■ YOUR GOAL ■
The records beneath should be printed exactly, and the pictures are to be left out.

■ RECORDS FOR THE EXERCISE ■
►
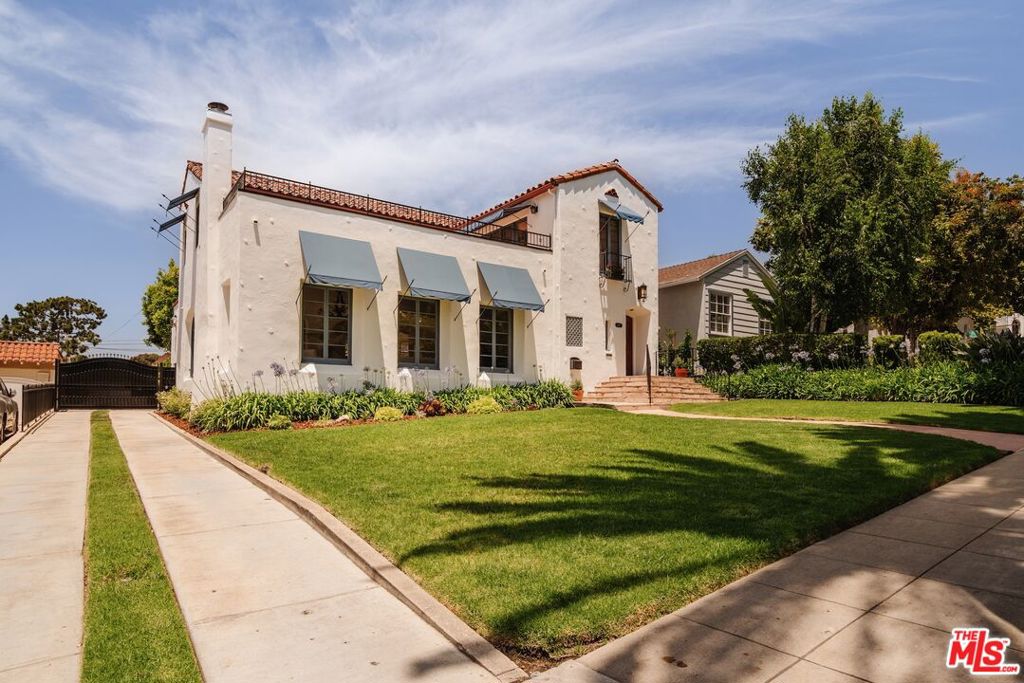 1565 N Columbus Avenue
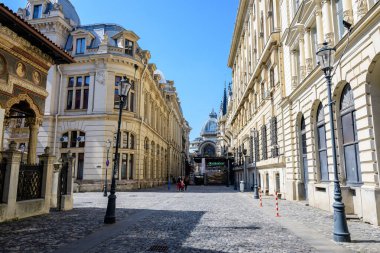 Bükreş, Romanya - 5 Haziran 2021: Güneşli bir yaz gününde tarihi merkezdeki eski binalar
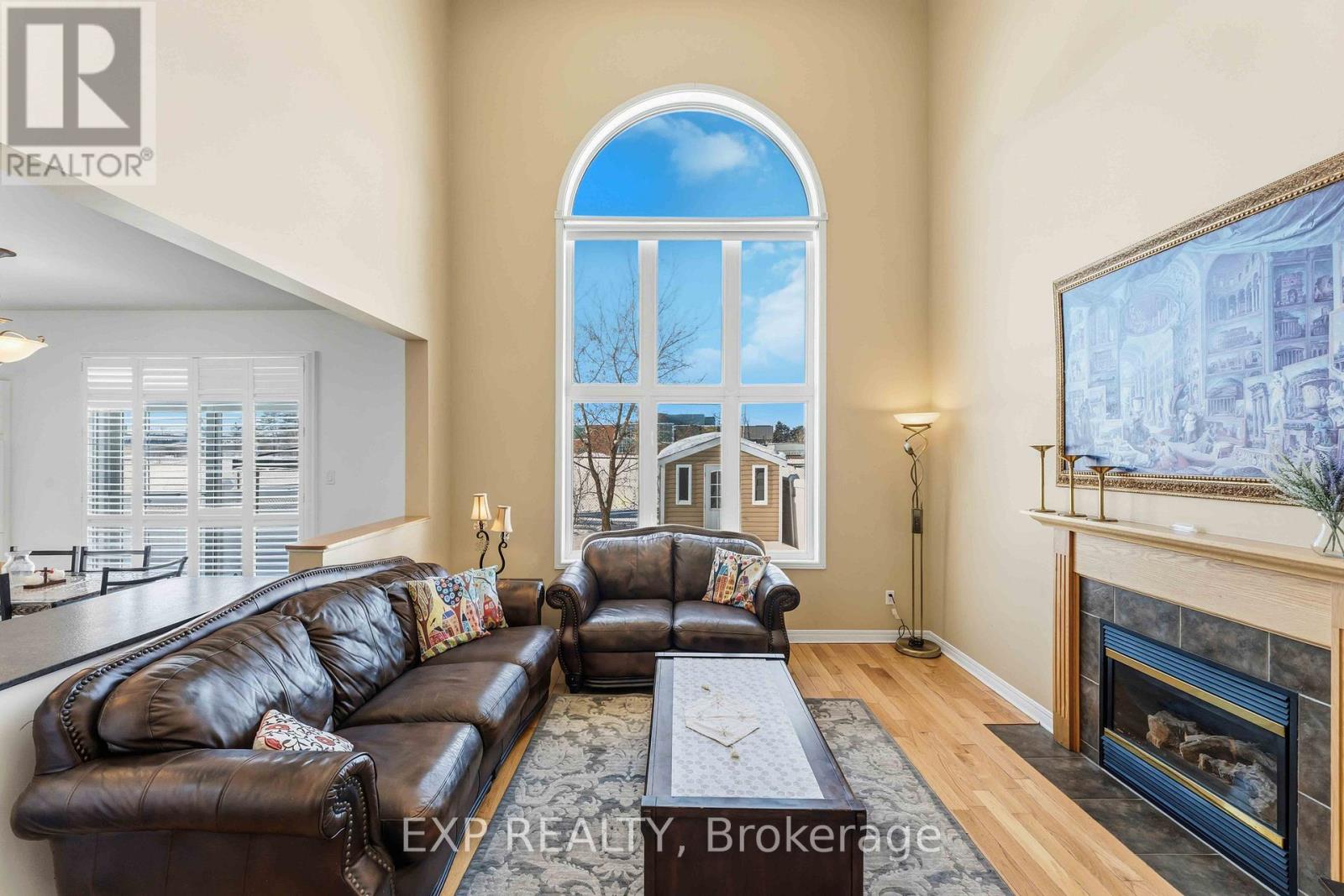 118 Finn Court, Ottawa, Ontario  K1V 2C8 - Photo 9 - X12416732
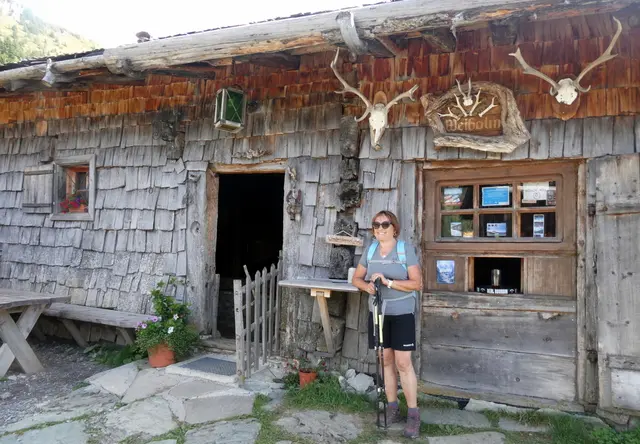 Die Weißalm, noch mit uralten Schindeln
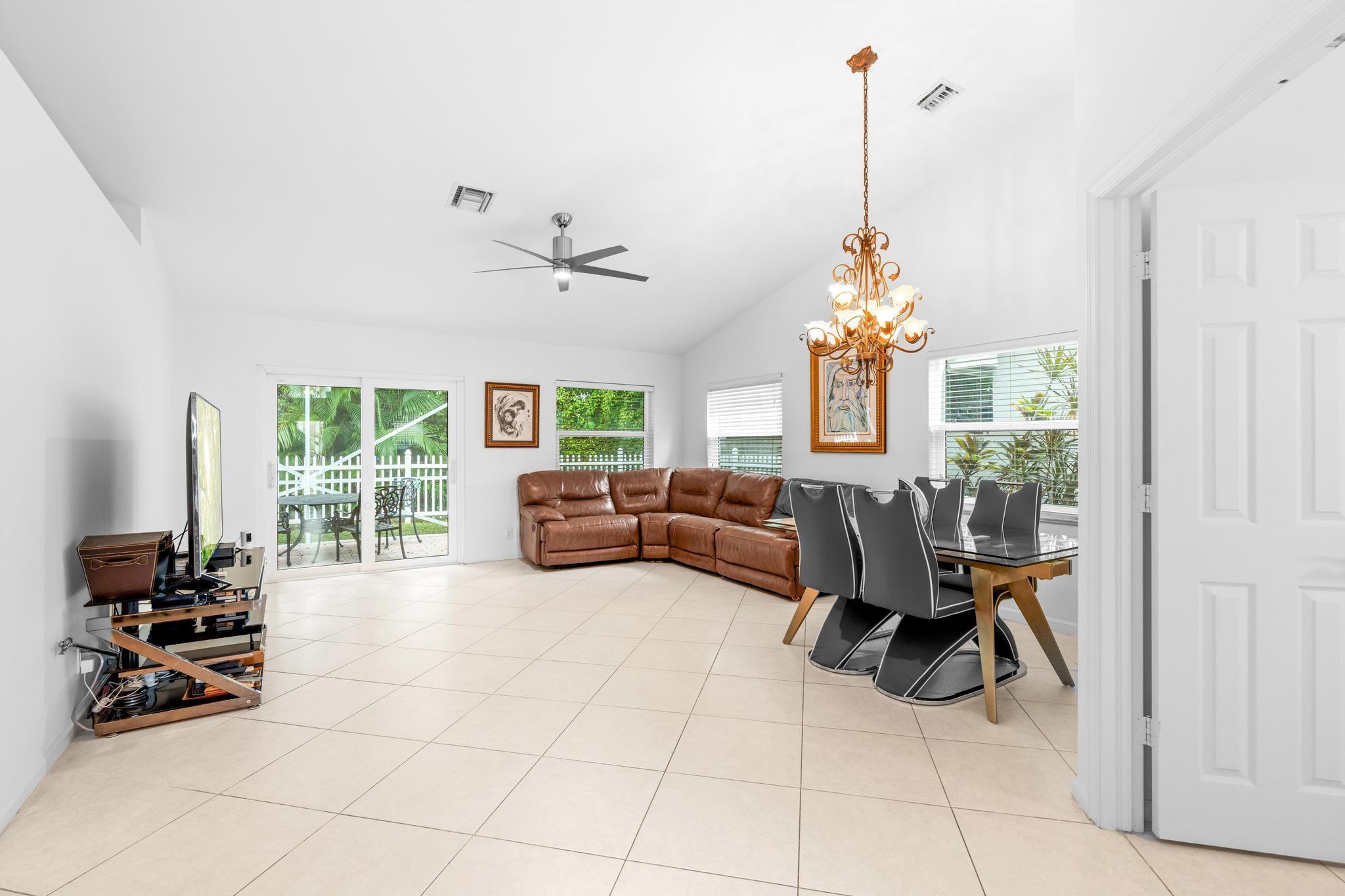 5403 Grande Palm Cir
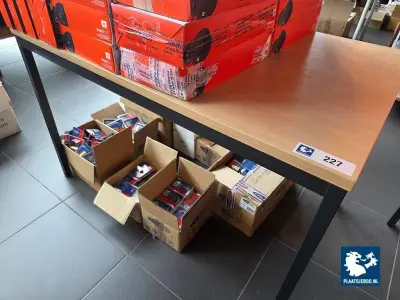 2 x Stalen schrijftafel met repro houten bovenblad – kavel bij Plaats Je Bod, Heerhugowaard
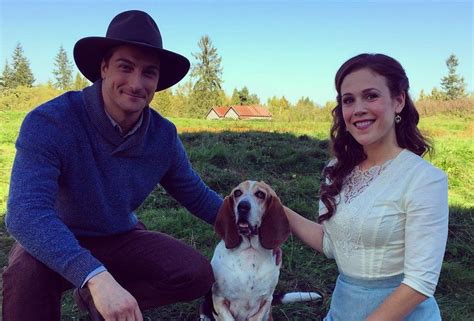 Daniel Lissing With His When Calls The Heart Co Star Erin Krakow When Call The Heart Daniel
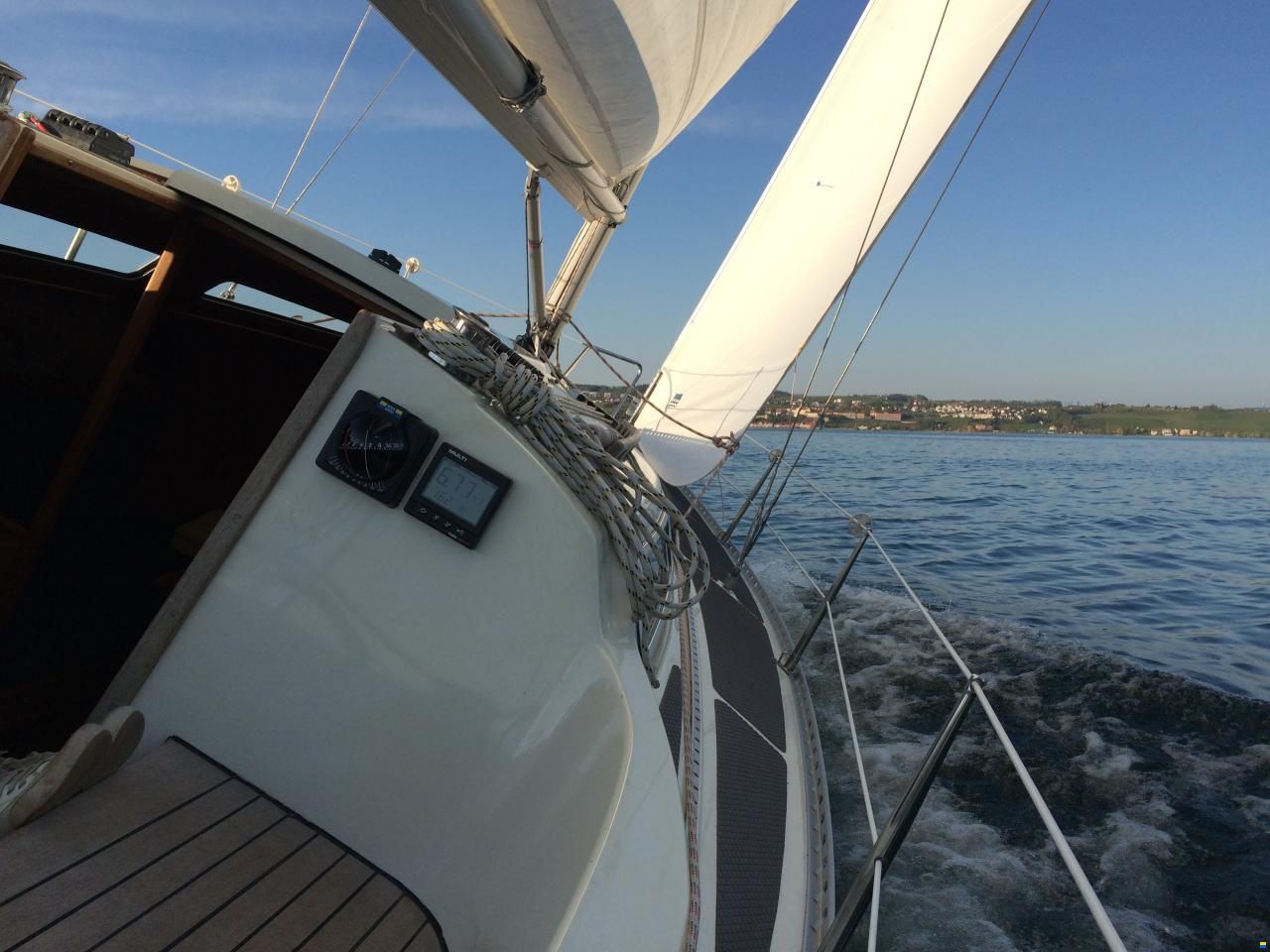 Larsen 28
◄
■ RESPONSE TO THE TASK ■
 1565 N Columbus Avenue
 Bükreş, Romanya - 5 Haziran 2021: Güneşli bir yaz gününde tarihi merkezdeki eski binalar
 118 Finn Court, Ottawa, Ontario  K1V 2C8 - Photo 9 - X12416732
 Die Weißalm, noch mit uralten Schindeln
 5403 Grande Palm Cir
 2 x Stalen schrijftafel met repro houten bovenblad – kavel bij Plaats Je Bod, Heerhugowaard
 Daniel Lissing With His When Calls The Heart Co Star Erin Krakow When Call The Heart Daniel
 Larsen 28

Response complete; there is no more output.